Live cell Structured Illumination Superresolution Microscopy
by Stefan Wieser of ICFO
Super-resolution imaging has emerged as a key future fluorescence imaging technology in life science research allowing to resolve cellular details below 200nm. Optical super-resolution (SR) microscopy such as STED and STORM typically uses high laser power, which compromises cell viability and long-term imaging and thus restricts these SR methods to fixed samples. On the other side, structured illumination microscopy (SIM) can be used for live cell super-resolution microscopy. STED is based on scanning the sample with an effective sub-diffraction laser spot while localization microscopy (STORM, PALM) sequentially detects a subset of single emitters for generating a high-resolution image. In comparison, SIM uses stripe patterns for sample illumination to create large-scale Moiré effects, which are used to create super-resolved images. In a typical structured illumination microscope, the stripe-patterned illumination is rotated and shifted, resulting in a series of raw diffraction-limited images. Each of the raw images encodes high frequency information (higher than the optical limit of the microscope) which is visible as low frequency features of Moiré patterns. Algebraic decoding and reconstruction of the images results in a two-fold increase in lateral (2D SIM) and axial (3D SIM) resolution.
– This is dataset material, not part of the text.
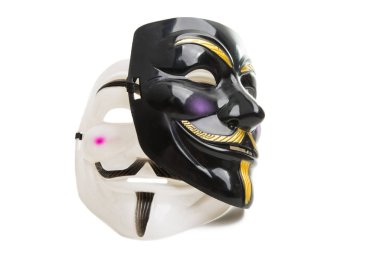 isimsiz maske beyaz arkaplanda izole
Using high numerical aperture (NA) objective lenses, a lateral resolution of 80-100nm can be achieved at 102-106 fold lower laser powers compared to STED and STORM imaging. Altogether, 2D/3D SIM allows for super-resolution imaging of living cells at low photon budget using conventional fluorophores.
Stefan Wieser did his PhD in the group of Gerhard Schütz (Vienna University of Technology) and subsequent professional research experience in the lab of Didier Marguet (Centre d’Immunologie Marseille Luminy) and post-doctoral researcher working in the group of Michael Sixt (with joint affiliation to Carl-Philipp Heisenberg) at the Institute of Science and Technology (IST) Austria.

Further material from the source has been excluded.